By BRODY FELDMANN
For the third year in a row, Yukon’s Keziah Lofton helped her AAU basketball team to a national championship.
Lofton travels all over the United States to play with an Arkansas-based team — Arkansas Mavericks.
Two weeks ago, the destination was Ohio for the sixth-grade AAU National Tournament.
“It was fun. I was nervous at first. I’m always nervous at first until we start playing,” Lofton said.
Lofton and the Mavericks rolled through the bracket with no problem on their way to the championship game.
“They won it by beating every team by 20. So, getting to that last game it was a little bit of a shock,” Lofton’s mom, Kendra Allen, said.
The first night in Ohio, Lofton became ill but didn’t let the sickness stop her.
She played through the illness and had 13 points, nine rebounds, two steals and two blocks in the first game en route to a 58-17 victory.
In Game Two, the Mavericks played a team from Tennessee and won 62-32 with Lofton finishing with 18 points on 3-for-3 from behind the three-point line.
Her coach didn’t let her play much in the second game due to the illness.
“It was from Ohio. I am allergic to Ohio,” Lofton said jokingly.
In the third game of pool play, Lofton finished with 10 points and 16 rebounds while the Mavericks went on to win 49-29.
In bracket play the Mavericks knocked off teams from California, Minnesota and Illinois on their way to the championship game.
In the semifinals the Mavericks handled the IL-Xcitement 50-30 in dominant fashion.
In the finals, waiting for the Mavericks, were the All Ohio Blaze Onyx. That is the same team the Mavericks beat last summer in the semifinals on their way to their second national title.
The championship game went to double overtime before the Mavericks found a way late to seal the deal.
“I’m just glad we won this one, especially because it was such a hard game,” Lofton said.

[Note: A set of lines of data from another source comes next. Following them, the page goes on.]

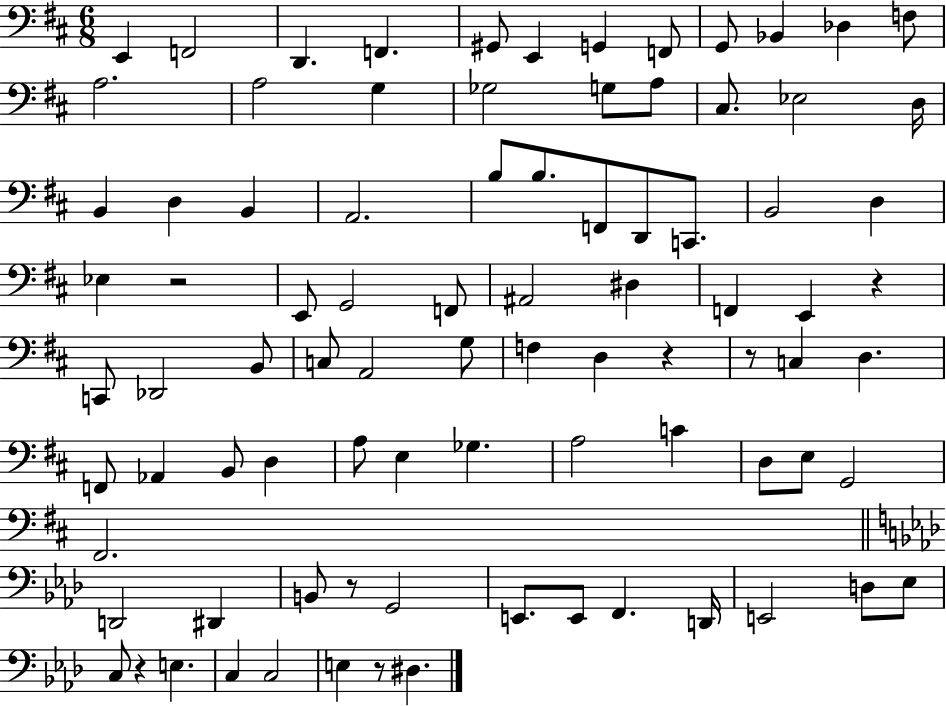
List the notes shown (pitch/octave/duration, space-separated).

E2/q F2/h D2/q. F2/q. G#2/e E2/q G2/q F2/e G2/e Bb2/q Db3/q F3/e A3/h. A3/h G3/q Gb3/h G3/e A3/e C#3/e. Eb3/h D3/s B2/q D3/q B2/q A2/h. B3/e B3/e. F2/e D2/e C2/e. B2/h D3/q Eb3/q R/h E2/e G2/h F2/e A#2/h D#3/q F2/q E2/q R/q C2/e Db2/h B2/e C3/e A2/h G3/e F3/q D3/q R/q R/e C3/q D3/q. F2/e Ab2/q B2/e D3/q A3/e E3/q Gb3/q. A3/h C4/q D3/e E3/e G2/h F#2/h. D2/h D#2/q B2/e R/e G2/h E2/e. E2/e F2/q. D2/s E2/h D3/e Eb3/e C3/e R/q E3/q. C3/q C3/h E3/q R/e D#3/q. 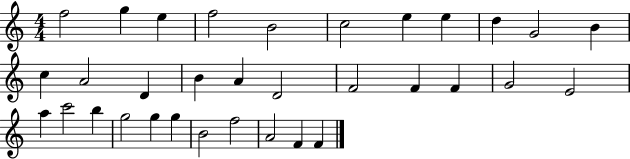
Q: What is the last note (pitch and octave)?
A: F4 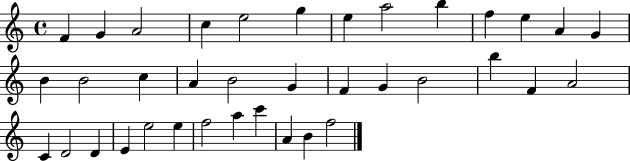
{
  \clef treble
  \time 4/4
  \defaultTimeSignature
  \key c \major
  f'4 g'4 a'2 | c''4 e''2 g''4 | e''4 a''2 b''4 | f''4 e''4 a'4 g'4 | \break b'4 b'2 c''4 | a'4 b'2 g'4 | f'4 g'4 b'2 | b''4 f'4 a'2 | \break c'4 d'2 d'4 | e'4 e''2 e''4 | f''2 a''4 c'''4 | a'4 b'4 f''2 | \break \bar "|."
} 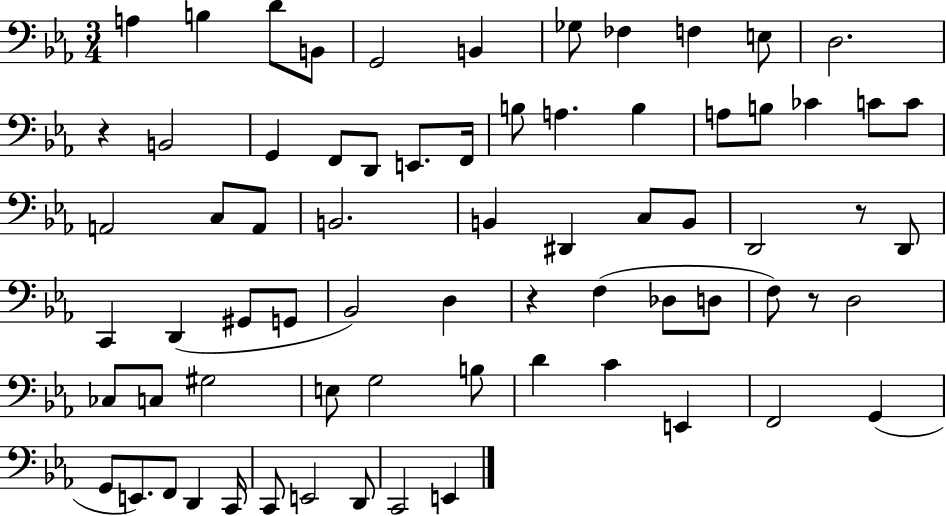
A3/q B3/q D4/e B2/e G2/h B2/q Gb3/e FES3/q F3/q E3/e D3/h. R/q B2/h G2/q F2/e D2/e E2/e. F2/s B3/e A3/q. B3/q A3/e B3/e CES4/q C4/e C4/e A2/h C3/e A2/e B2/h. B2/q D#2/q C3/e B2/e D2/h R/e D2/e C2/q D2/q G#2/e G2/e Bb2/h D3/q R/q F3/q Db3/e D3/e F3/e R/e D3/h CES3/e C3/e G#3/h E3/e G3/h B3/e D4/q C4/q E2/q F2/h G2/q G2/e E2/e. F2/e D2/q C2/s C2/e E2/h D2/e C2/h E2/q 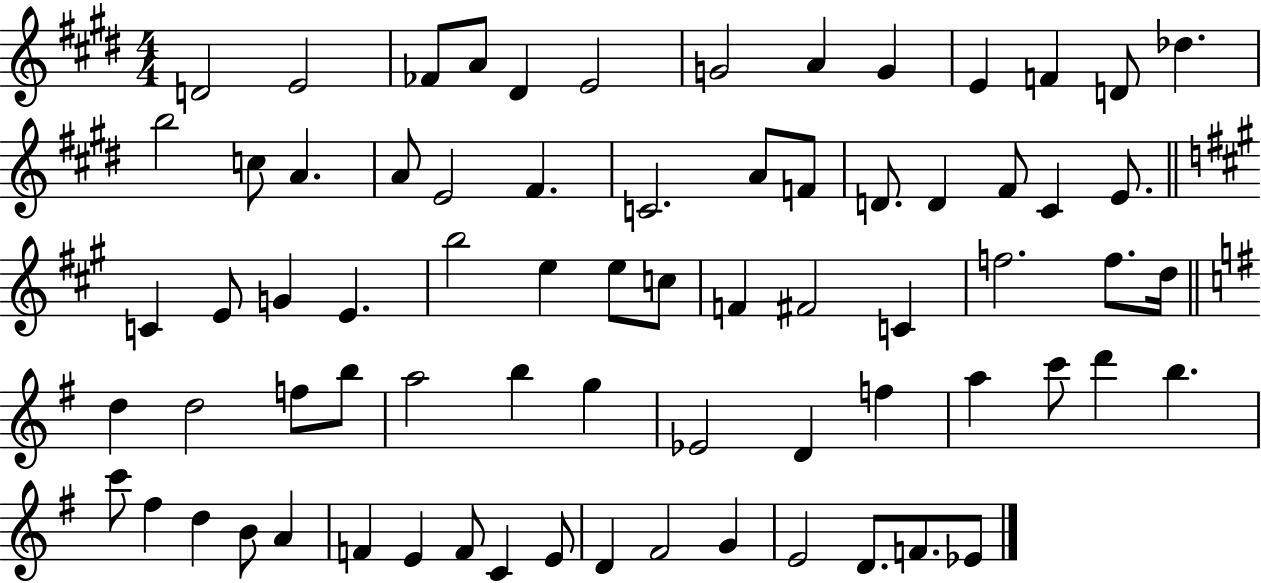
D4/h E4/h FES4/e A4/e D#4/q E4/h G4/h A4/q G4/q E4/q F4/q D4/e Db5/q. B5/h C5/e A4/q. A4/e E4/h F#4/q. C4/h. A4/e F4/e D4/e. D4/q F#4/e C#4/q E4/e. C4/q E4/e G4/q E4/q. B5/h E5/q E5/e C5/e F4/q F#4/h C4/q F5/h. F5/e. D5/s D5/q D5/h F5/e B5/e A5/h B5/q G5/q Eb4/h D4/q F5/q A5/q C6/e D6/q B5/q. C6/e F#5/q D5/q B4/e A4/q F4/q E4/q F4/e C4/q E4/e D4/q F#4/h G4/q E4/h D4/e. F4/e. Eb4/e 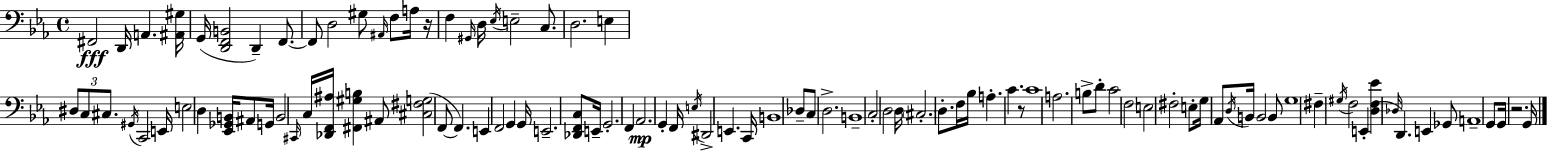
X:1
T:Untitled
M:4/4
L:1/4
K:Cm
^F,,2 D,,/4 A,, [^A,,^G,]/4 G,,/4 [D,,F,,B,,]2 D,, F,,/2 F,,/2 D,2 ^G,/2 ^A,,/4 F,/2 A,/4 z/4 F, ^G,,/4 D,/4 _E,/4 E,2 C,/2 D,2 E, ^D,/2 C,/2 ^C,/2 ^G,,/4 C,,2 E,,/4 E,2 D, [_E,,_G,,B,,]/4 ^A,,/2 G,,/4 B,,2 ^C,,/4 C,/4 [_D,,F,,^A,]/4 [^F,,^G,B,] ^A,,/2 [^C,^F,G,]2 F,,/2 F,, E,, F,,2 G,, G,,/4 E,,2 [_D,,F,,C,]/2 E,,/4 G,,2 F,, _A,,2 G,, F,,/4 E,/4 ^D,,2 E,, C,,/4 B,,4 _D,/2 C,/2 D,2 B,,4 C,2 D,2 D,/4 ^C,2 D,/2 F,/4 _B,/4 A, C z/2 C4 A,2 B,/2 D/2 C2 F,2 E,2 ^F,2 E,/2 G,/4 _A,,/2 D,/4 B,,/4 B,,2 B,,/2 G,4 ^F, ^G,/4 F,2 E,, [D,F,_E] _D,/4 D,, E,, _G,,/2 A,,4 G,,/2 G,,/4 z2 G,,/4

Lofton played most of the game in foul trouble after earning four early fouls.
“I got in foul trouble at the beginning of the game. So, I had to keep letting them score on me because I played back on defense. The second overtime was hard on me because I couldn’t let them score at all. So, even if I got a foul, I would just foul out. But they didn’t call a foul on me. I did foul them, but they didn’t call it,” Lofton said. “I was lucky.”
But when her team needed her the most with a two-point lead, Lofton stepped to the free-throw line and connected on two free throws to give her team a four-point lead with just under 10 seconds remaining.
“I knew I had to make them, especially because I knew my dad would get mad if I didn’t make them,” Lofton said.
For a 12-year old who states she was nervous most of the weekend, her play on the court did not show it.
Once the tournament was over and the sixth-grade Mavericks had a day to celebrate at a local water park, the team loaded up and traveled to Louisville, Kentucky, to compete in a 10th-grade tournament.
The Mavericks didn’t have the success that they are used to and that Lofton expects when she steps on the court, but the trip was a solid learning experience.
“I didn’t expect to win a lot of games really because I knew we were just there to get better. But it was way harder. I couldn’t get to my spots as easy as I could against teams in my grade,” Lofton said. “I learned that you can’t pass over the defense when they are longer than you.”
The whole trip wasn’t a business trip for Lofton and her
They got to spend time with family members they hadn’t seen in many years as well as watch a movie in downtown Louisville as well as stop at Wild Animal Adventure in Missouri on their way home.
“We did a lot of stuff. It was a lot of fun,” Lofton said.
The Mavericks will have another national tournament when MAYB comes to Oklahoma City in a few weeks.
Other than MAYB, Lofton plans on swimming and enjoying the last month of summer before she competes in her first year of volleyball.